FrontPage Mag | Mark D. Tooley | Dec. 28, 2007

The financially and demographically struggling National Council of Churches (NCC) is mulling over a new “Social Creed for the 21st Century” that will succinctly articulate its left-leaning political activism. Many of the NCC’s heterodox officials and activist supporters could not affirm traditional Christian theological creeds. For them, political creeds are the desired alternative.

This new creed is supposed to update the Social Creed of 1908 developed by the NCC’s predecessor church council, and which focused on rights for laborers, child labor laws, and old age pensions. The NCC, and its predecessor Federal Council of Churches, were founded by religious and political progressives. Not until the1960’s did far-left radicalism began to displace the NCC’s formerly mainstream liberalism.

“It is not enough to celebrate the centennial of the 1908 social creed,” a Presbyterian drafter told the NCC’s General Assembly in November 2007. “It can strengthen the common witness of our communions on a broad range of social concerns — far broader than in 1908.” NCC officials commonly believe that their declining council can be rejuvenated by new injections of left-wing causes. But the more estranged the NCC politicized officers and staff become from the still largely conservative members of its denominations, the faster the NCC’s decline accelerates.

The recently departed NCC chief the Rev. Bob Edgar, now the new head of Common Cause, supposedly had rescued the New York-based NCC from financial ruin.
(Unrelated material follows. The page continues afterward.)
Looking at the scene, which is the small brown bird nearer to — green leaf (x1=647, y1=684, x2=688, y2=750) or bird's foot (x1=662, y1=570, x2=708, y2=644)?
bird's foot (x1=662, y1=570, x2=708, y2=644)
Temporarily, Edgar had succeeded by gaining left-wing foundation funding for the NCC’s political programs, even as denominational money continued to decline. But eventually, the NCC’s growing addiction to secular left wing dollars could not be sustained. And even the NCC’s board was discomfited by Edgar’s high octane activism. The new NCC chief, the Rev. Michael Livingston, is taking power amid reorganization and staff reductions. According to a report by my colleague Ralph Webb, Livingston warned the NCC’s General Assembly of further turmoil: “It’s been frustrating, the tension, conflict, and we’re surely not beyond that … in the future,” while another NCC official regretted that the NCC “face[s] difficult days ahead.” The new Social Creed will not likely ignite a sufficient revival to restore the NCC to its former prestige.
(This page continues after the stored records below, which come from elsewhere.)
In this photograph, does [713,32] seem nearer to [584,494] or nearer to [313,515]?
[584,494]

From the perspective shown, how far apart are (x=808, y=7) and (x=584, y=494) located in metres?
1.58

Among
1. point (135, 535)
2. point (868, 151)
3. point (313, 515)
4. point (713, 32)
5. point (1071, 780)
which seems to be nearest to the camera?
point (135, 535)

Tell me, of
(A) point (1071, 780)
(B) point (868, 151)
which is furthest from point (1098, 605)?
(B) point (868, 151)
Supposedly this new Social Creed responds to the “concerns of churches and peoples around our globe.” But actually, it expresses the skewed and statist fixations of left-leaning mainline Protestants in North America. The NCC explained the need for an updated Creed by asserting “some challenges seem greater [than in 1908], as the costs and consequences of war and the persistence of racism meet massive environmental degradation.” In explaining the new Creed, the NCC intoned: “Global warming threatens our very existence; and “divisions of wealth [are] etched along lines of race and gender;” and most people seem resigned to accept the “present shape of our global market system and fail to see that any alternatives may exist.” The NCC claimed that “divisions between the rich and the poor grow wider by the day,” and explained that the Creed was “written in the face of wars in Iraq and Afghanistan, and the danger of additional war in the Middle East and elsewhere.”
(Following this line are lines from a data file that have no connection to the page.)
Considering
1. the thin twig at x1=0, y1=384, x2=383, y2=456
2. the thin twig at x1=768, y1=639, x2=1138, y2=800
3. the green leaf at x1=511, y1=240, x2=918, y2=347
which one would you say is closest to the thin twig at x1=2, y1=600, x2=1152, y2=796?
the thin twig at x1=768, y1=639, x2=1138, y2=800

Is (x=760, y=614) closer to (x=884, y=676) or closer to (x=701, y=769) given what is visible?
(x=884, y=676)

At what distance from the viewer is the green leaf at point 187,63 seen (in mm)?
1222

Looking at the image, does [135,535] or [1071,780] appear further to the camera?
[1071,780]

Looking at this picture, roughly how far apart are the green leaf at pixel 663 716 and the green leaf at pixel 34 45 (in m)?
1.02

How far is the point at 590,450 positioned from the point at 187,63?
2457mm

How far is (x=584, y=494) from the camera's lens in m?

The Creed itself demands “employment for all at a family-sustaining living wage, full “economic rights” that are “protected by new governance structures,” greater emphasis on public education, a “de-racialized” criminal justice system, “universal healthcare,” more effective social security, “tax and budget policies that reduce disparities between rich and poor,” “equitable global trade,” “sustainable” and “alternative” energy sources, “mutual security rather than unilateral force,” a “strengthened United Nations, and a “redirection of military spending to more peaceful and productive uses.”